= Beginning of Section =

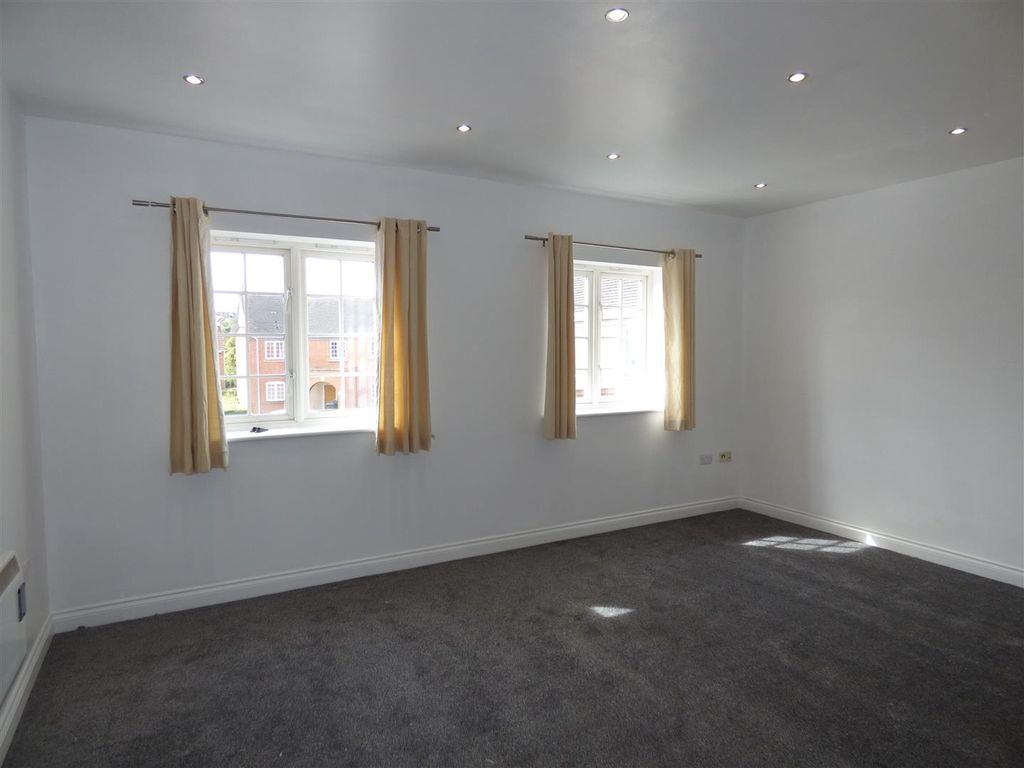 Property photo 2 of 6 9A Glover Road Lounge.Jpg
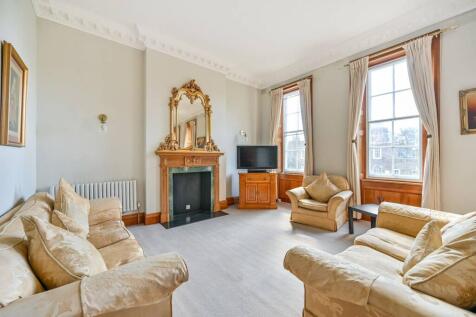 Petersham Road, Petersham, Richmond... 3 bed flat for sale
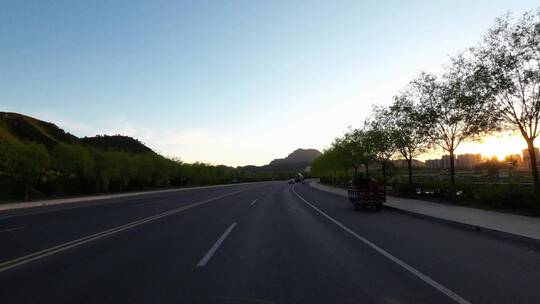 开车视角行驶在公路上  沿途风景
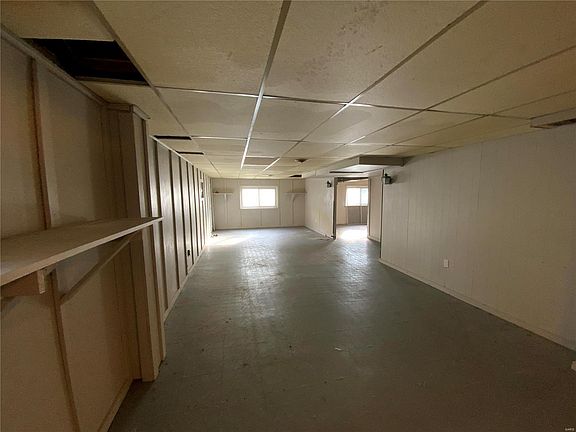 5th image of 2549 Oakcrest Ave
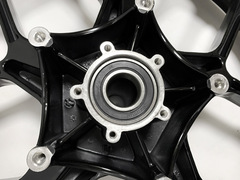 Передний колёсный диск Arashi для Yamaha YZF-R1 2015-2017 черный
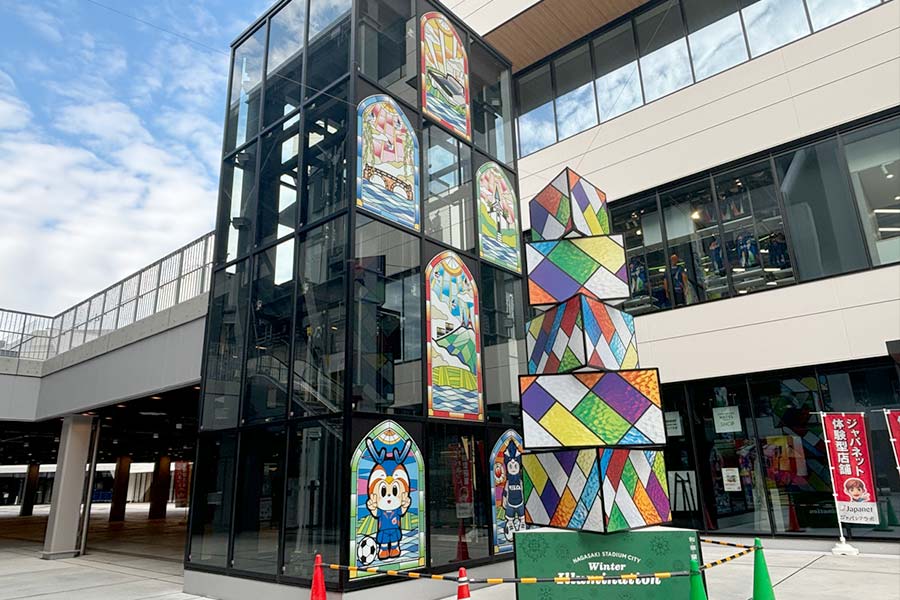 オランダをイメージしたステンドグラス風ツリー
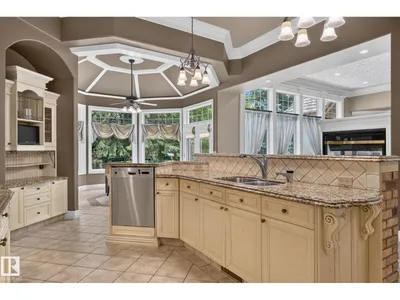 60 KINGSBURY CR photo 20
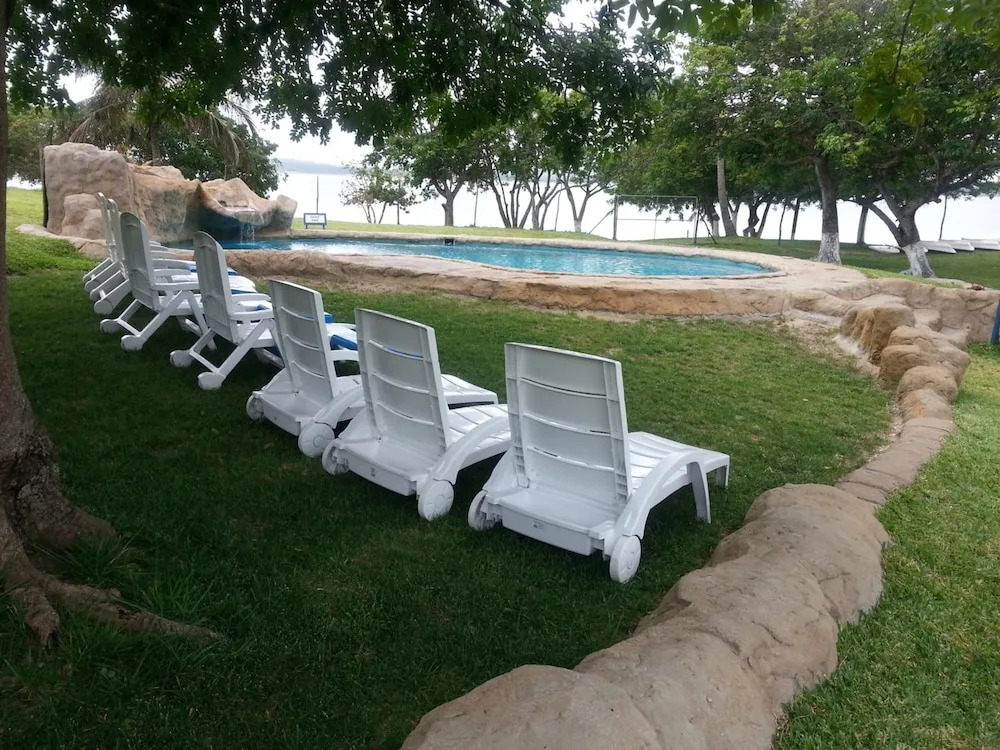 Serenity Nhabanga, Bilene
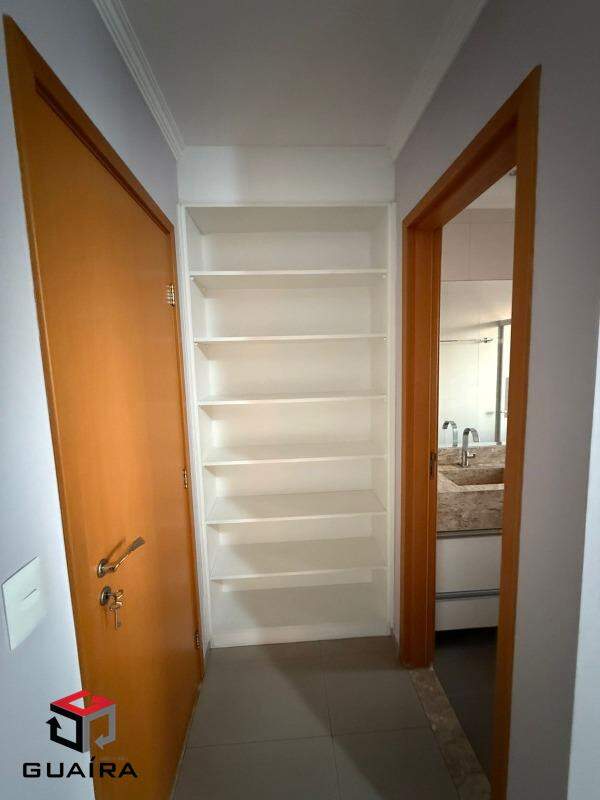 Apartamento à venda com 2 quartos, 69m² - Foto 21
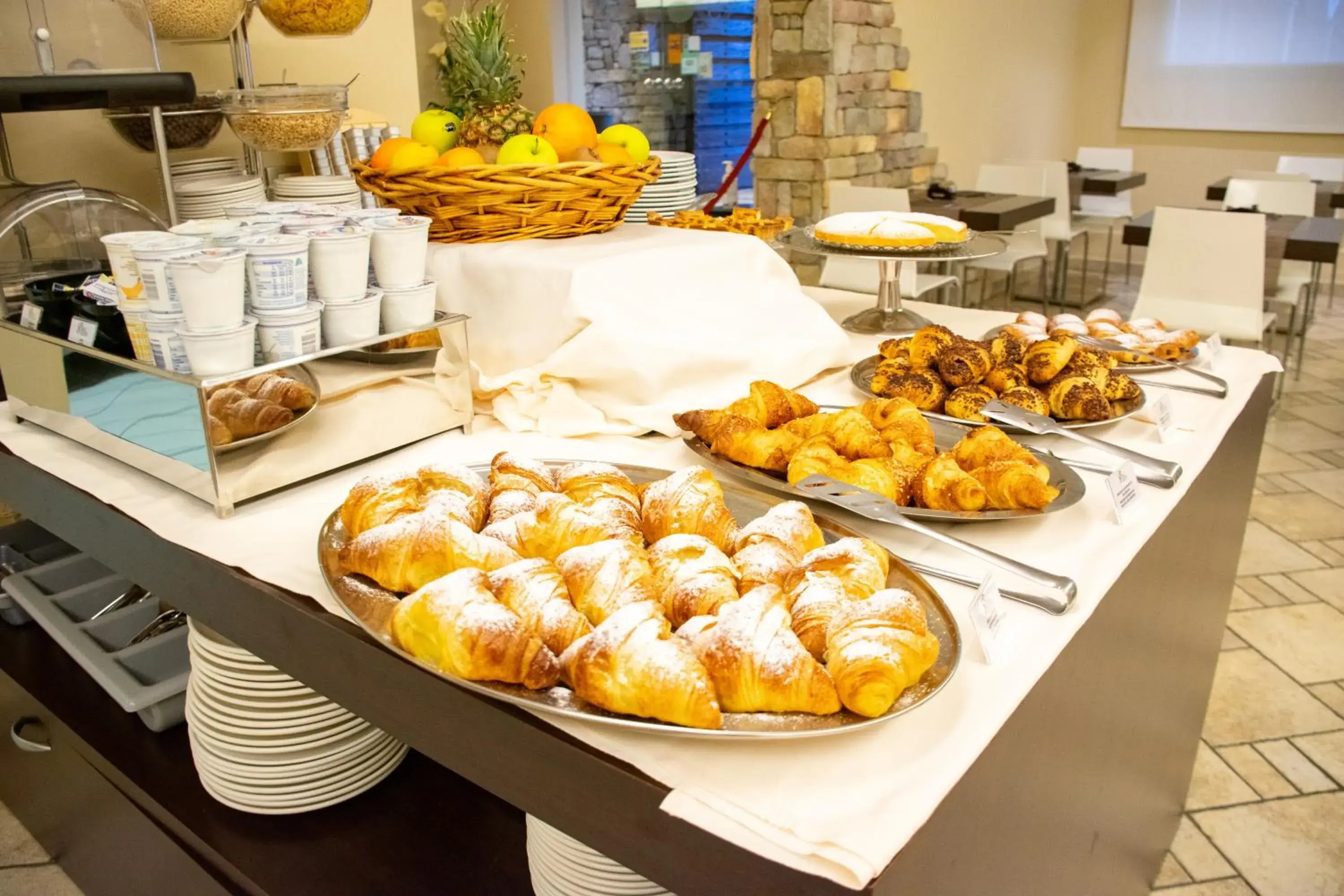 Breakfast, Food in AHG Donna Silvia Hotel Wellness & SPA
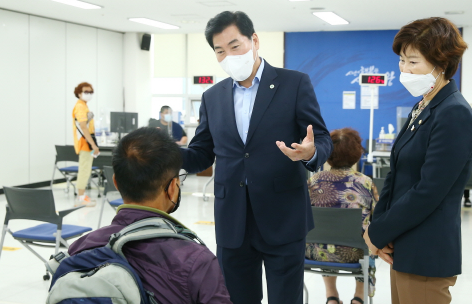 김상돈 의왕시장, '코로나 상생 국민지원금 발급창구' 현장 방문 모습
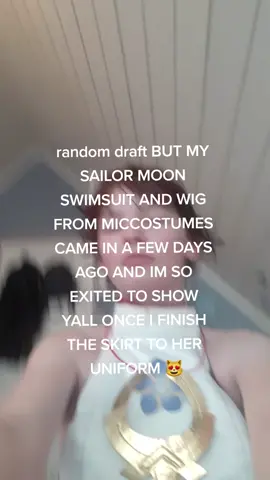 the sun was literally burning my eyes 😭 #genshinimpactcosplay #GenshinImpact #genshin #yaemiko #yae #yaemikogenshinimpact #cosplay #xyzbca #fyp #sailormoon #miccostumes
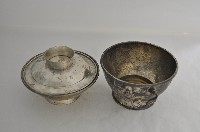 總督府徽紋雙繫環帶蓋銀碗三套組藏品圖，第3張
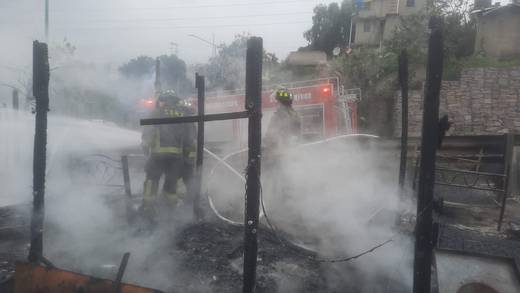 VIDEO: Arde asentamiento irregular en Santa Fe, en la alcaldía Álvaro Obregón de CDMX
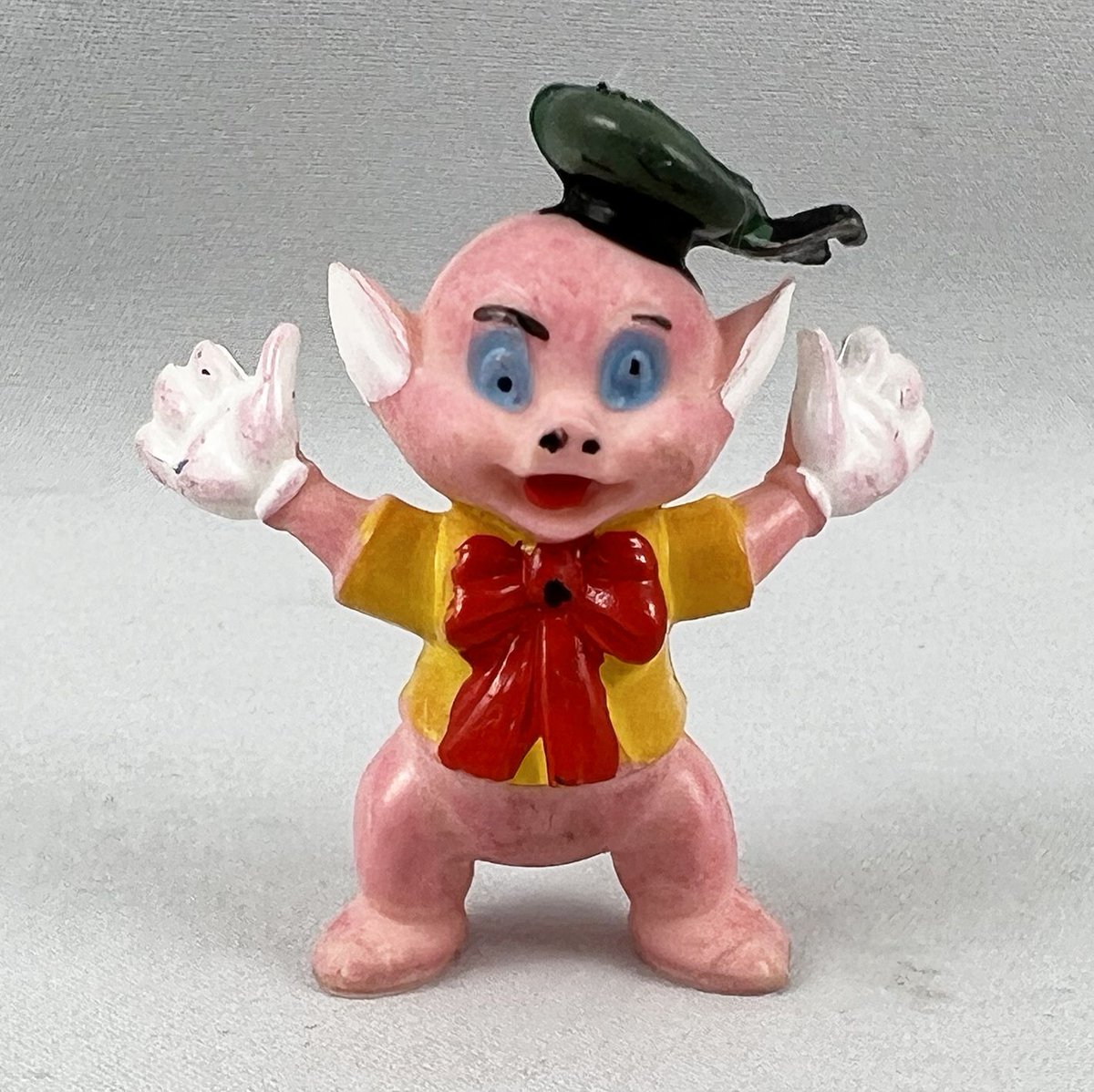 「ヴィンテージおもちゃサイトで見かけたディズニーの三匹の子ぶたのフィギュアでも貼っ」|松田洋子のイラスト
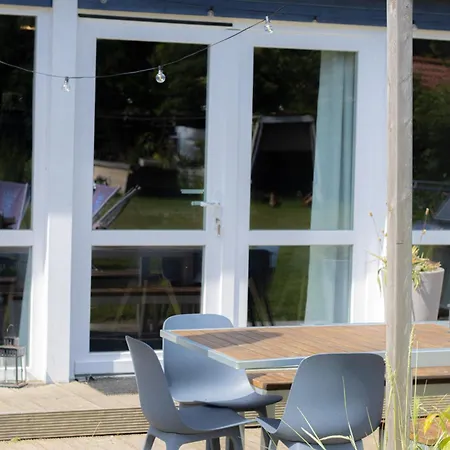 Oder 1-16 Personen Im Blauen Haus * Fehmarn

= End of Section =

## Work task
Since pictures are not part of the copy, set down only the remaining data exactly.

## Written reply
 Property photo 2 of 6 9A Glover Road Lounge.Jpg
 Petersham Road, Petersham, Richmond... 3 bed flat for sale
 开车视角行驶在公路上  沿途风景
 5th image of 2549 Oakcrest Ave
 Передний колёсный диск Arashi для Yamaha YZF-R1 2015-2017 черный
 オランダをイメージしたステンドグラス風ツリー
 60 KINGSBURY CR photo 20
 Serenity Nhabanga, Bilene
 Apartamento à venda com 2 quartos, 69m² - Foto 21
 Breakfast, Food in AHG Donna Silvia Hotel Wellness & SPA
 김상돈 의왕시장, '코로나 상생 국민지원금 발급창구' 현장 방문 모습
 the sun was literally burning my eyes 😭 #genshinimpactcosplay #GenshinImpact #genshin #yaemiko #yae #yaemikogenshinimpact #cosplay #xyzbca #fyp #sailormoon #miccostumes
 總督府徽紋雙繫環帶蓋銀碗三套組藏品圖，第3張
 VIDEO: Arde asentamiento irregular en Santa Fe, en la alcaldía Álvaro Obregón de CDMX
 「ヴィンテージおもちゃサイトで見かけたディズニーの三匹の子ぶたのフィギュアでも貼っ」|松田洋子のイラスト
 Oder 1-16 Personen Im Blauen Haus * Fehmarn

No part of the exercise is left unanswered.